EXCERPTED DATA:
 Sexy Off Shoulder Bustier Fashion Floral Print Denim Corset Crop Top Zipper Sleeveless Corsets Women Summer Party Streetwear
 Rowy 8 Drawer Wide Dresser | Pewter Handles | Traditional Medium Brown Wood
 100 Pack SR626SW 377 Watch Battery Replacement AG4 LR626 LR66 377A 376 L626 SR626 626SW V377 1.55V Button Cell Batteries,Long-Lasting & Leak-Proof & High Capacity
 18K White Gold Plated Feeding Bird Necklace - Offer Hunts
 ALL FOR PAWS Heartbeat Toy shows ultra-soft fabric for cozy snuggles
...
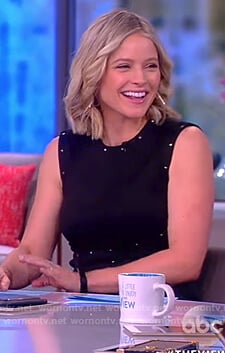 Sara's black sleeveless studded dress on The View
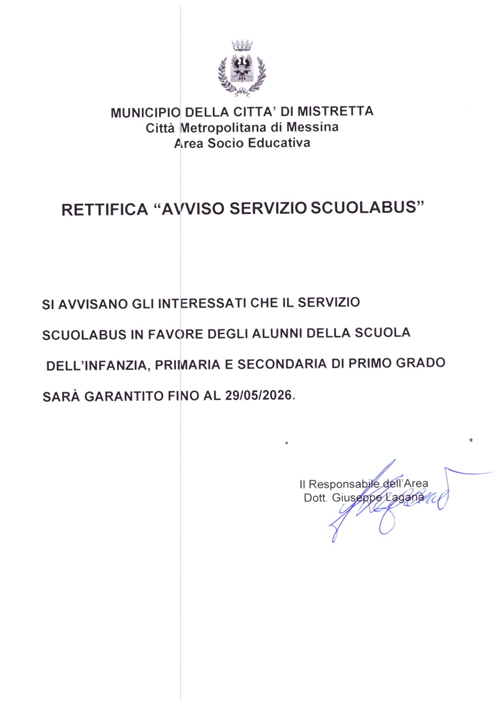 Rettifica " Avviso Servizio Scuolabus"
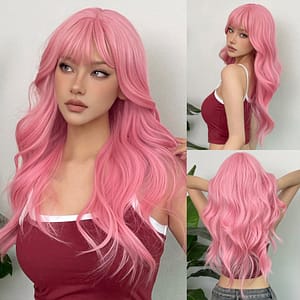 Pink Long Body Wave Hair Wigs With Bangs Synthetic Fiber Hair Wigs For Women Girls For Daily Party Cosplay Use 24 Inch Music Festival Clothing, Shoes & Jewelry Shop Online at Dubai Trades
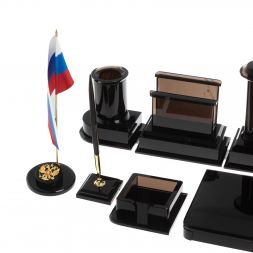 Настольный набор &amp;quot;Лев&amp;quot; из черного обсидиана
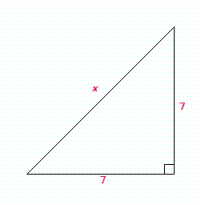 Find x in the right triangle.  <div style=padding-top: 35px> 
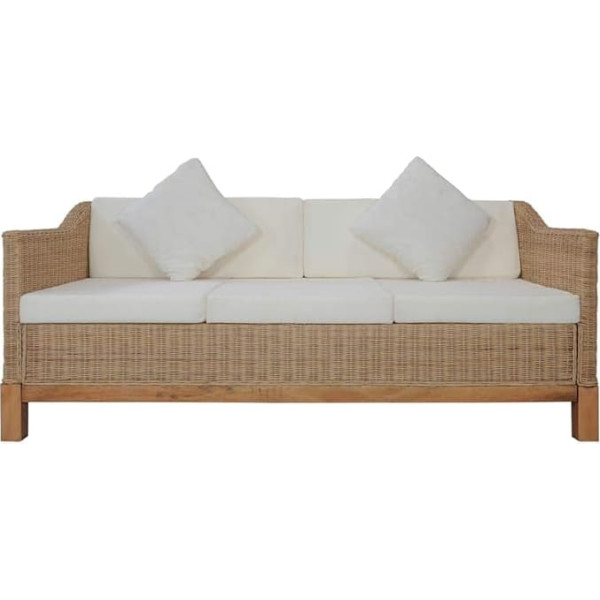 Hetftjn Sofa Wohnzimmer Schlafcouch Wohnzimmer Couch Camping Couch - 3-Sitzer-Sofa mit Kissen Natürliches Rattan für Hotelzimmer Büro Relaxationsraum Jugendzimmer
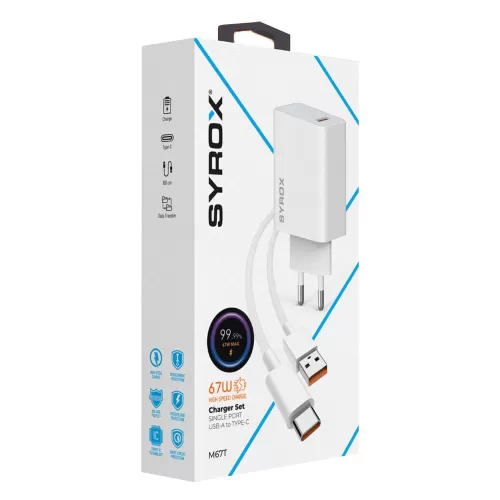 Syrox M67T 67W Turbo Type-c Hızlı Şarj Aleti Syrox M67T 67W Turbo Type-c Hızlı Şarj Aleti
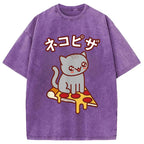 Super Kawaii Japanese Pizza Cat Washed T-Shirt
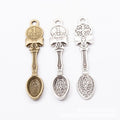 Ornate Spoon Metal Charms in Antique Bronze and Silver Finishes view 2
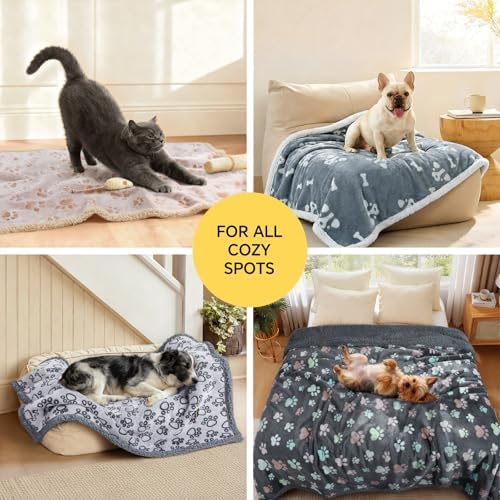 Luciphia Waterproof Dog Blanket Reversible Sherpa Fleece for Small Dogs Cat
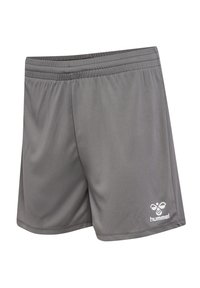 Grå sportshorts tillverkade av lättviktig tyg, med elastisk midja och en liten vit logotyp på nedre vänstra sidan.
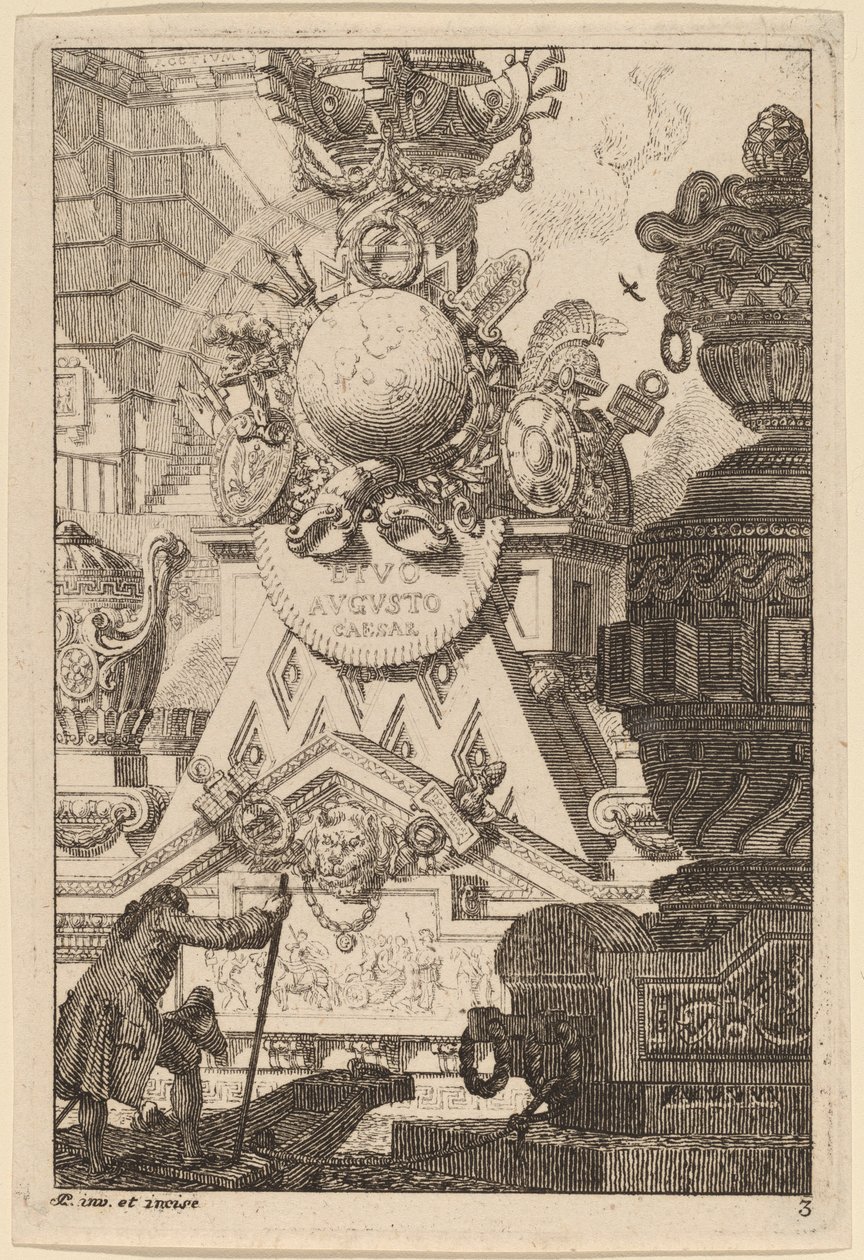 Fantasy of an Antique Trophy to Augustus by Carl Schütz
---
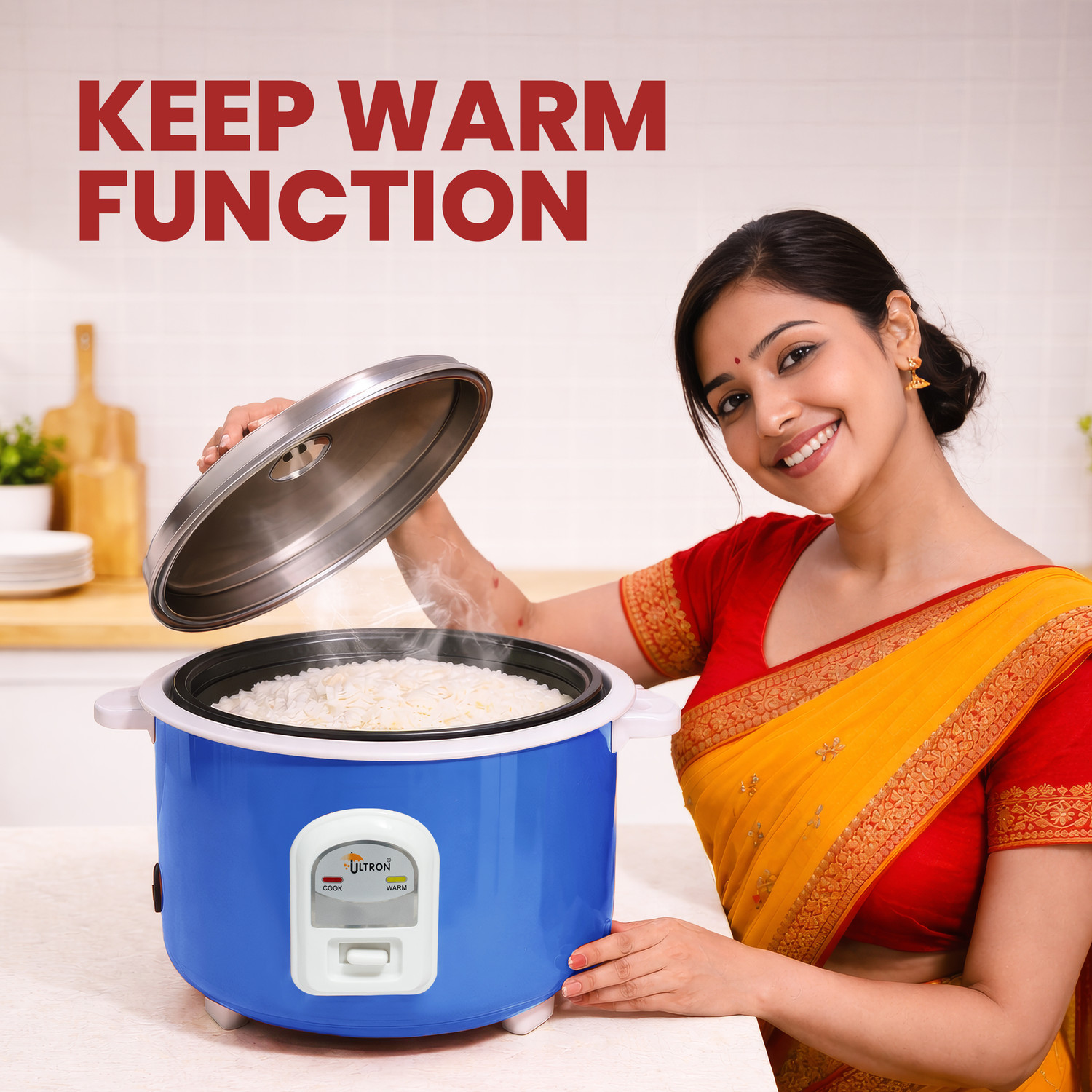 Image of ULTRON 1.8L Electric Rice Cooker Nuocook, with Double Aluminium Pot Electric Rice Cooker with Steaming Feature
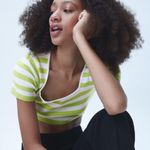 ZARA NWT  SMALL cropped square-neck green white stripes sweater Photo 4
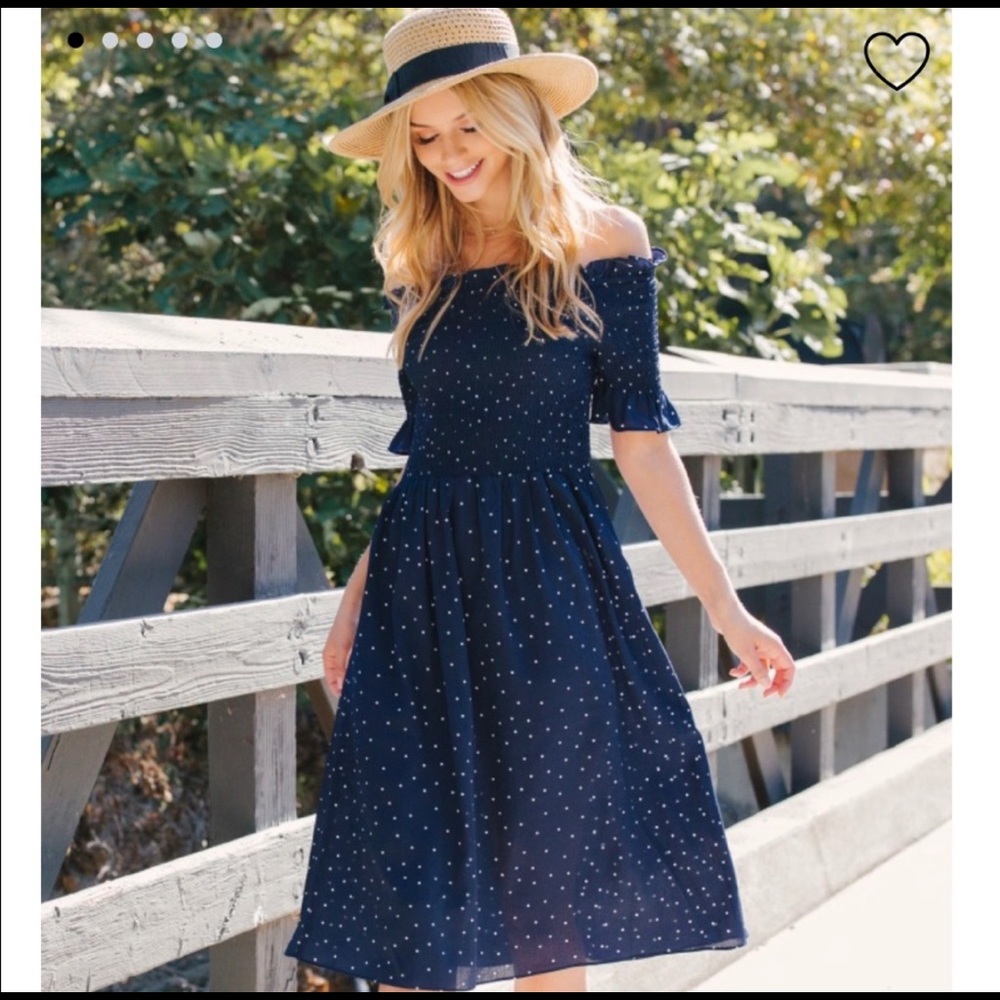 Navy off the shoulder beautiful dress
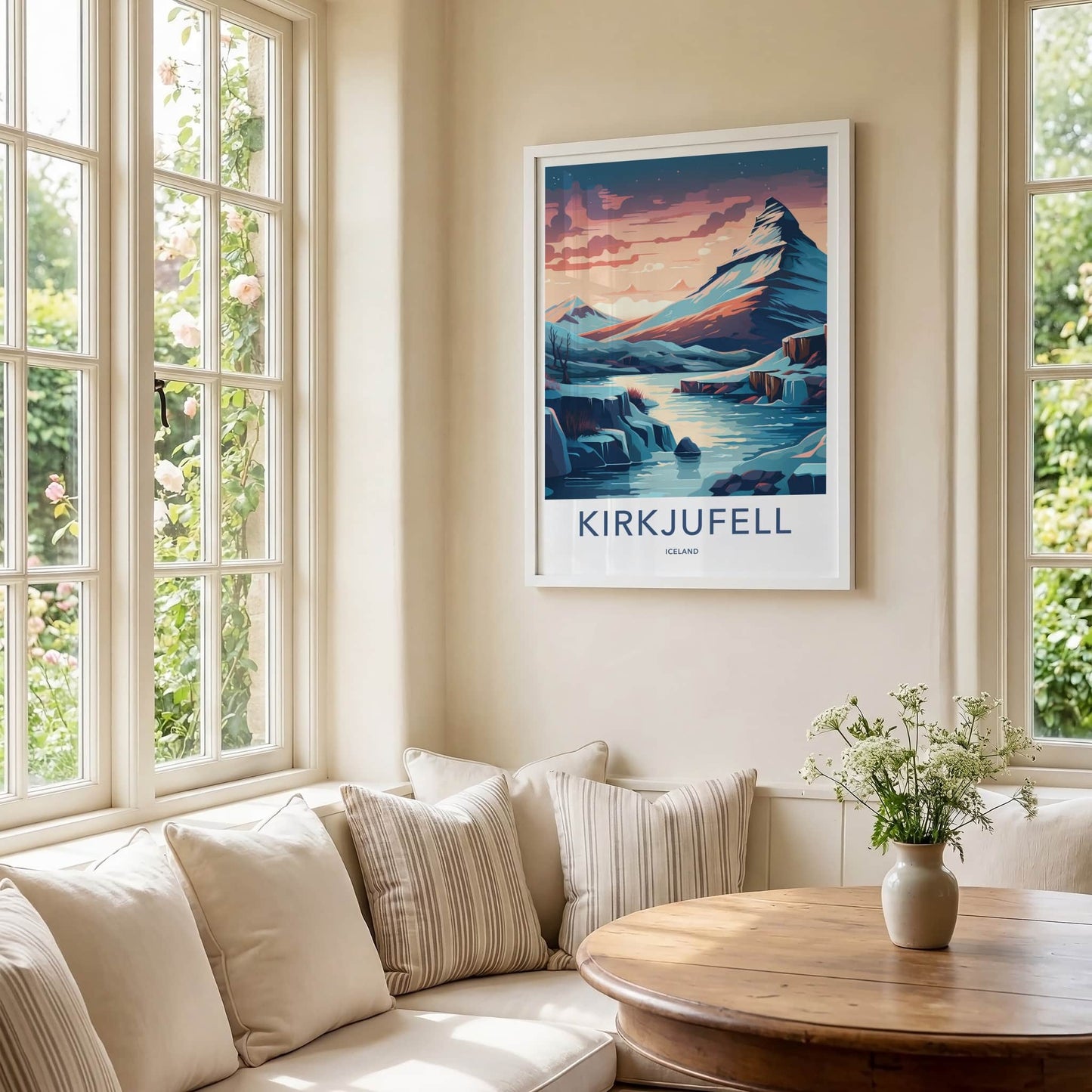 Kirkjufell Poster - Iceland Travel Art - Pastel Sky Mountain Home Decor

THE PROBLEM:
Could you transcribe exactly the entries above, but only the lines from the one with "Navy off the shoulder beautiful dress" through the one with "Kirkjufell Poster - Iceland", and without pictures?

RESULT BELOW:
 Navy off the shoulder beautiful dress
 Kirkjufell Poster - Iceland Travel Art - Pastel Sky Mountain Home Decor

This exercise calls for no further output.